» **Directions**: Take the line with "Landschaft - Ferienhaus" and every line after it in the entries below, and set them down exactly, without any pictures.

» **Provided data**:
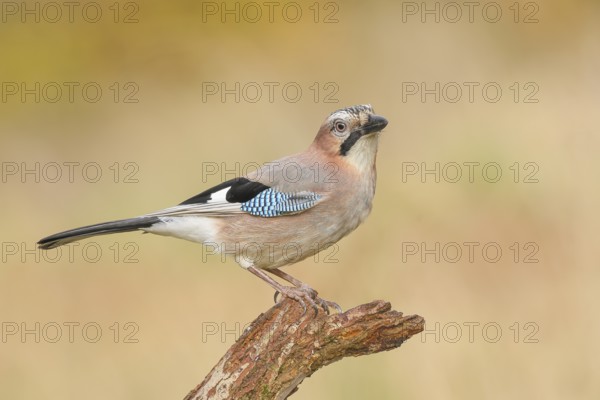 Eurasian Jay (Garrulus glandarius) sitting on a branch, wildlife, animals, birds, nature photography, Siegerland, North Rhine-Westphalia, Germany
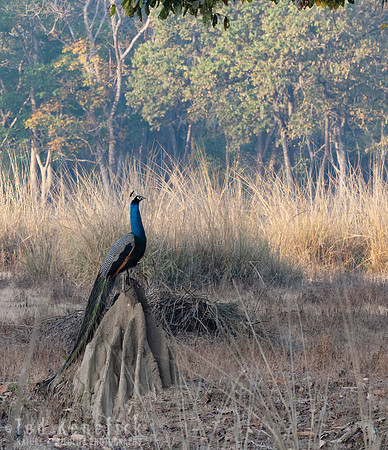 19 - Indian Peafowl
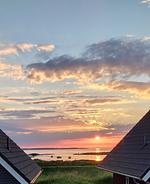 Landschaft - Ferienhaus "Strandgut" Marina Wendtorf - Top-Hundeurlaub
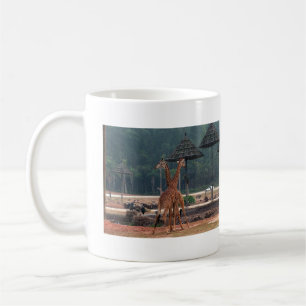 Zwei Giraffen, die sich in einem Zoo trösten Kaffeetasse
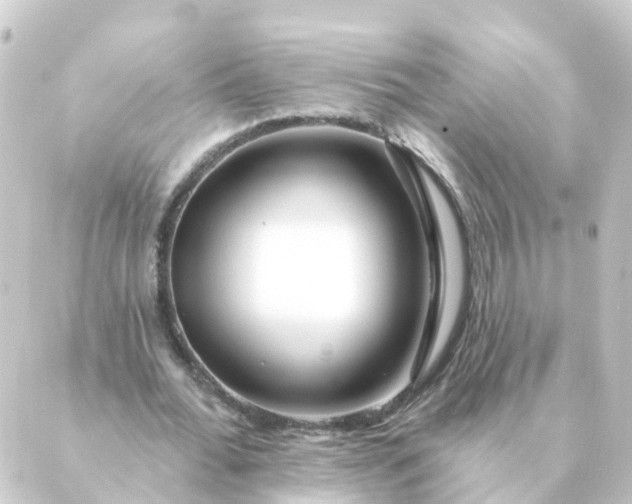 X0000088880676200706221815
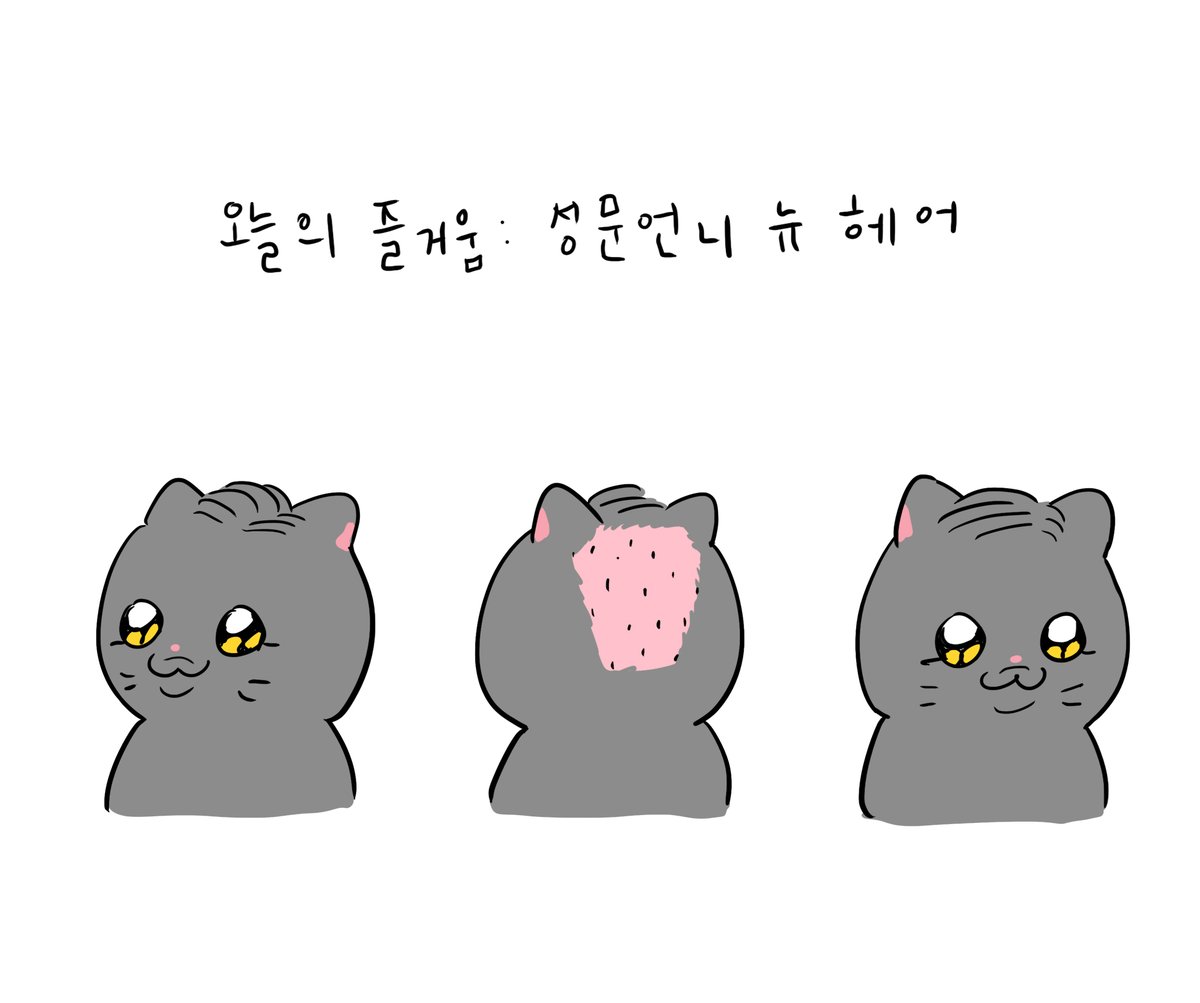 김영철 tweet media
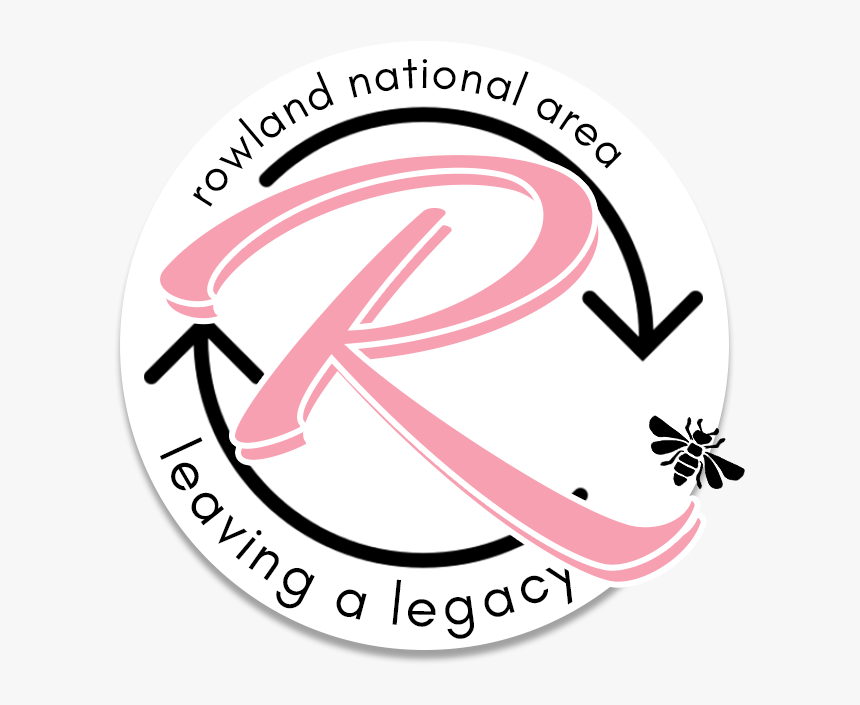 Robin Rowland - Cash In Cash Out, HD Png Download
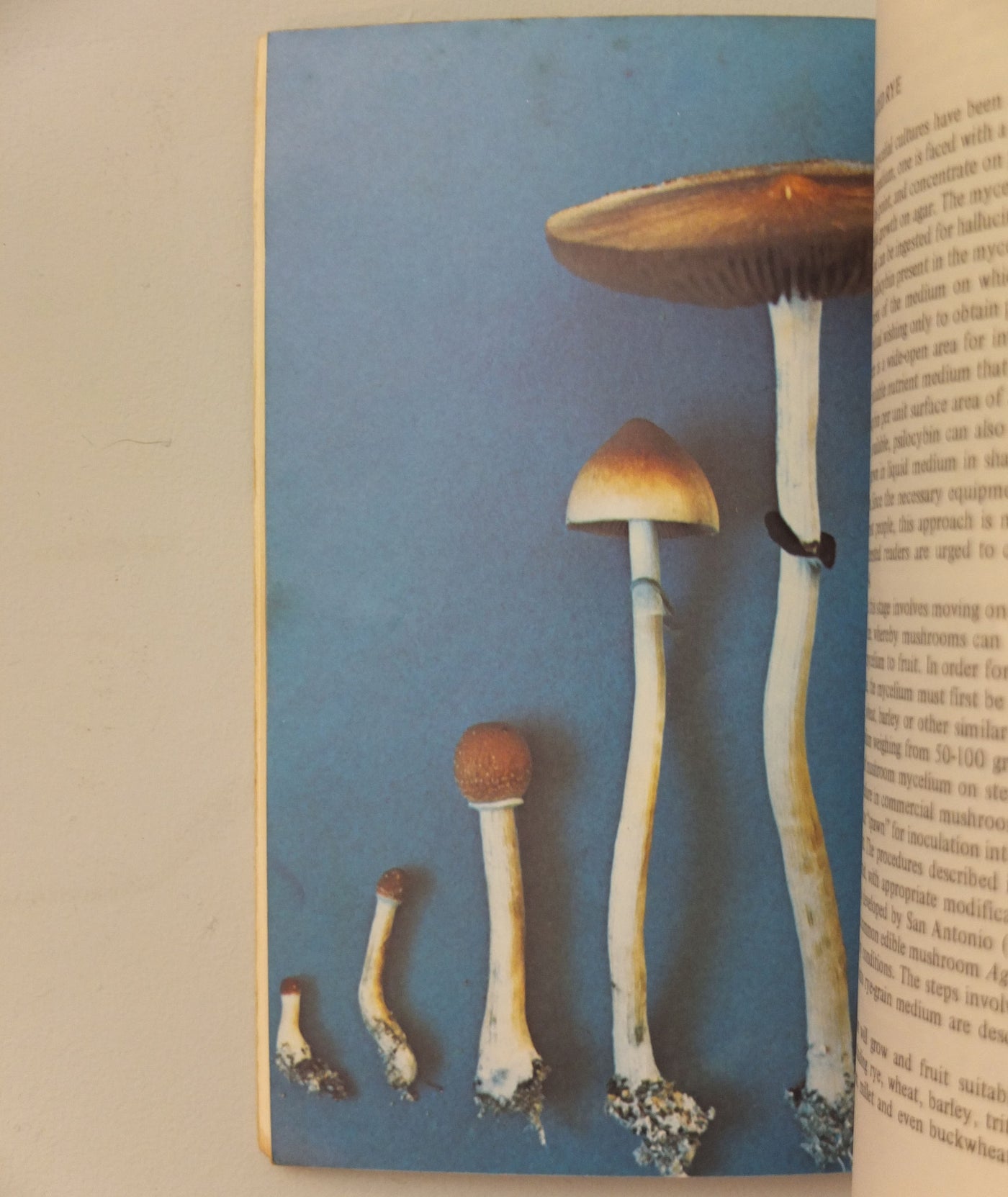 Psilocybin: Magic Mushroom Grower’s Guide by O.T. Oss & O.N. Oeric}
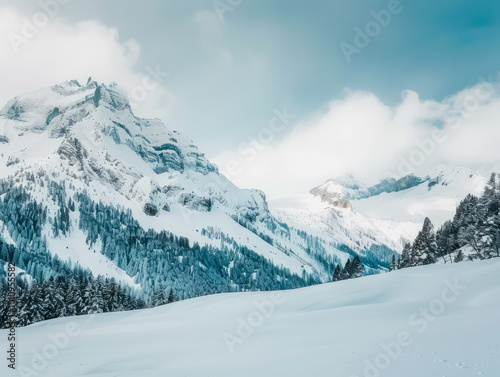 Snow-covered mountains with pine trees under a cloudy sky in a tranquil winter landscape during the day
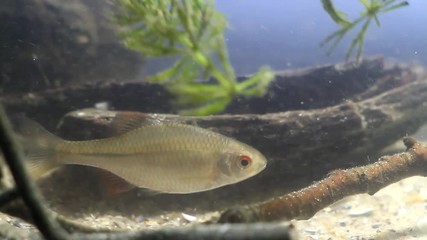 Wall Mural - Rhodeus amarus, European bitterling, wide-spread wild small freshwater juvenile fish swims in typical temperate river biotope aquarium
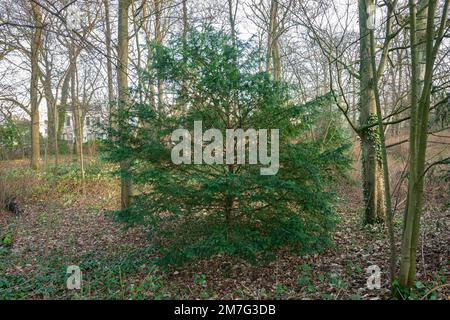 Eibenbaum (Taxus baccata) wächst im Schatten unter anderen Bäumen in einem Park Stockfoto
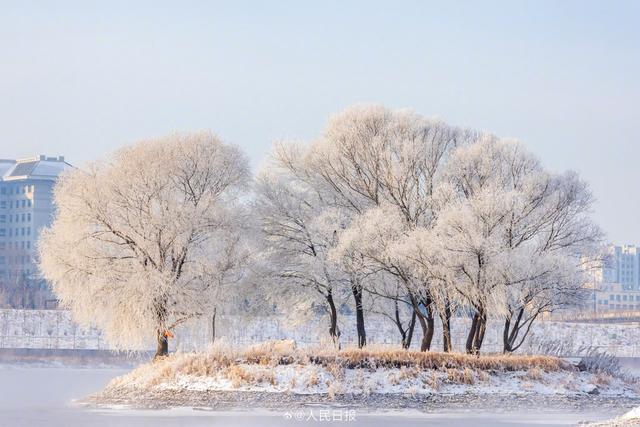 冬日画卷！吉林绝美雾凇上线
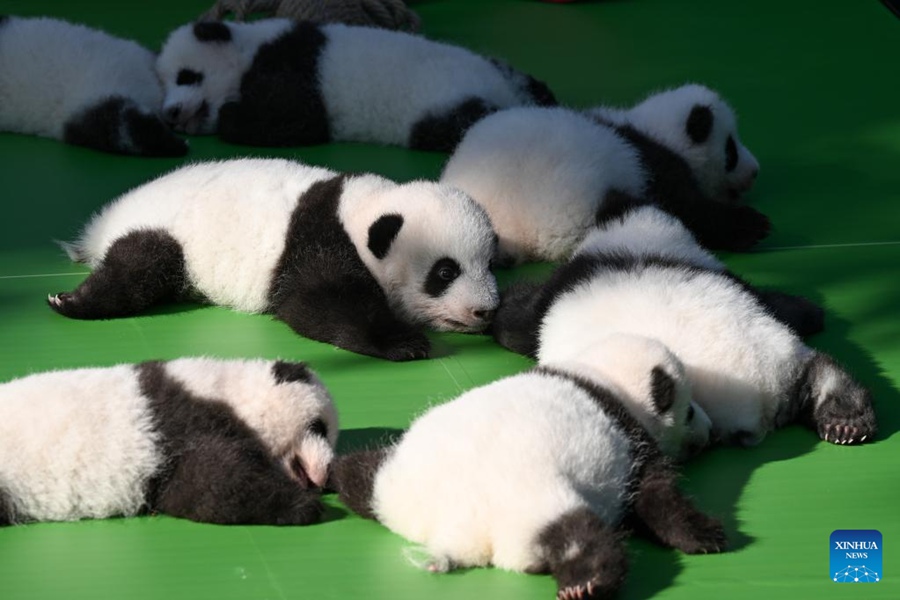 Chengdu: i cuccioli di panda incontrano il pubblico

» **Response to this exercise**:
 Landschaft - Ferienhaus "Strandgut" Marina Wendtorf - Top-Hundeurlaub
 Zwei Giraffen, die sich in einem Zoo trösten Kaffeetasse
 X0000088880676200706221815
 김영철 tweet media
 Robin Rowland - Cash In Cash Out, HD Png Download
 Psilocybin: Magic Mushroom Grower’s Guide by O.T. Oss & O.N. Oeric}
 Snow-covered mountains with pine trees under a cloudy sky in a tranquil winter landscape during the day
 Wall Mural - Rhodeus amarus, European bitterling, wide-spread wild small freshwater juvenile fish swims in typical temperate river biotope aquarium
 Eibenbaum (Taxus baccata) wächst im Schatten unter anderen Bäumen in einem Park Stockfoto
 冬日画卷！吉林绝美雾凇上线
 Chengdu: i cuccioli di panda incontrano il pubblico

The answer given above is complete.